#### Material for this exercise
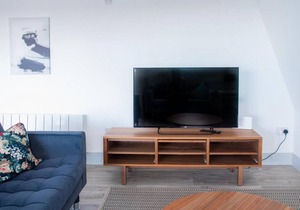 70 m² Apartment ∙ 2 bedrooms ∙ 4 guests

* * *

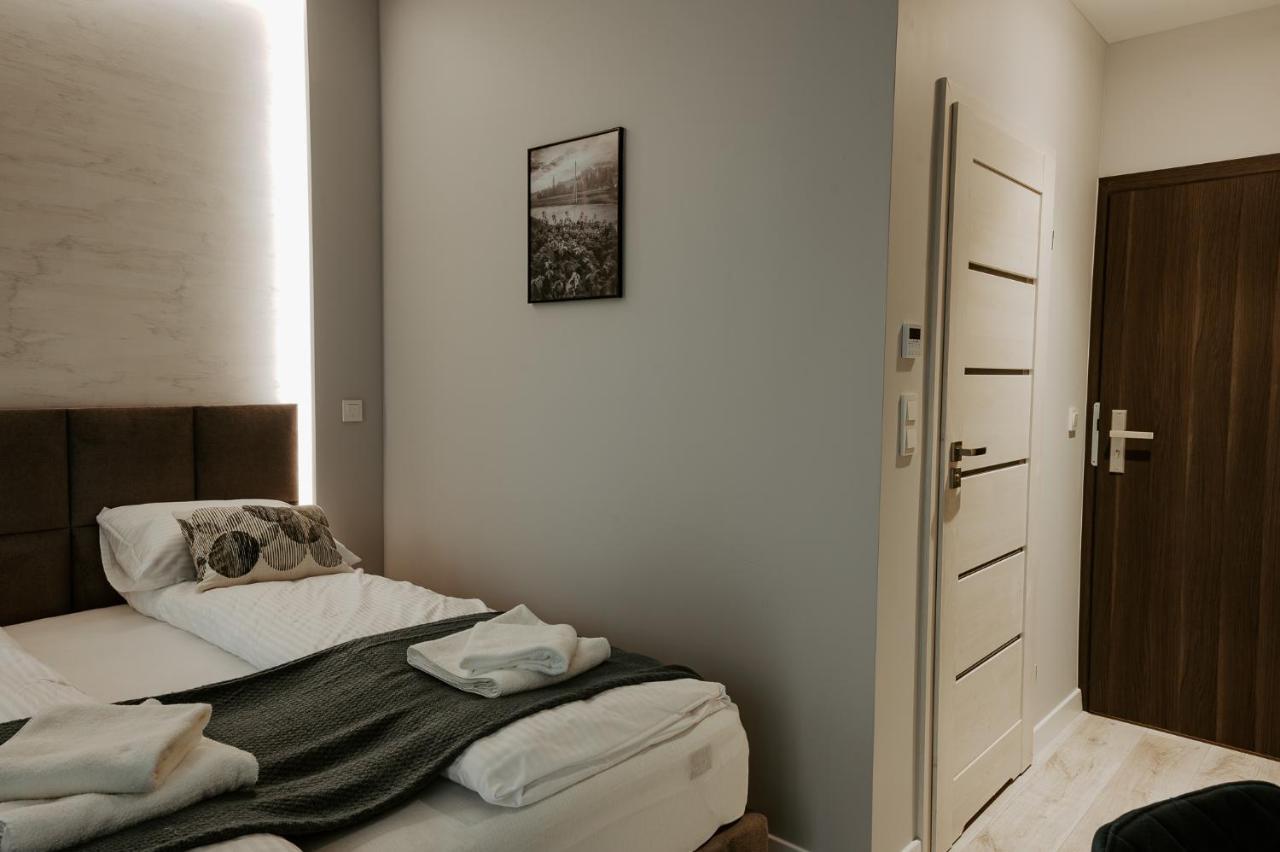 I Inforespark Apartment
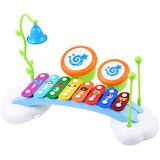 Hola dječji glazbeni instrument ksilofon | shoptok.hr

#### Problem details
Exact copy, pictures excluded: from the line with "I Inforespark Apartment" up to and including the line with "Hola dječji glazbeni" in the data above.

#### Answer
 I Inforespark Apartment
 Hola dječji glazbeni instrument ksilofon | shoptok.hr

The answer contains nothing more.